- ACTIVITY -
Transcribe every entry word for word.

- RECORDS FOR THE EXERCISE -
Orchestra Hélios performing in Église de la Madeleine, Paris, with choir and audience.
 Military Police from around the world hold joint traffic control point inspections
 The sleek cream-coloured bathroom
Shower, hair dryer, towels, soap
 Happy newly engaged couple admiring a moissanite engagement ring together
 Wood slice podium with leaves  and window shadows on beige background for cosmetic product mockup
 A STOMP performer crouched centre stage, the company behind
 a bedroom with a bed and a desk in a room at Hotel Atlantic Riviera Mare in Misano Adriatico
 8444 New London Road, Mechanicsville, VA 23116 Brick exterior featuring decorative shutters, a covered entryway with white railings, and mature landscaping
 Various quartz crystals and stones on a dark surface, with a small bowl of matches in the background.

- OUTPUT OF THE TASK -
Orchestra Hélios performing in Église de la Madeleine, Paris, with choir and audience.
 Military Police from around the world hold joint traffic control point inspections
 The sleek cream-coloured bathroom
Shower, hair dryer, towels, soap
 Happy newly engaged couple admiring a moissanite engagement ring together
 Wood slice podium with leaves  and window shadows on beige background for cosmetic product mockup
 A STOMP performer crouched centre stage, the company behind
 a bedroom with a bed and a desk in a room at Hotel Atlantic Riviera Mare in Misano Adriatico
 8444 New London Road, Mechanicsville, VA 23116 Brick exterior featuring decorative shutters, a covered entryway with white railings, and mature landscaping
 Various quartz crystals and stones on a dark surface, with a small bowl of matches in the background.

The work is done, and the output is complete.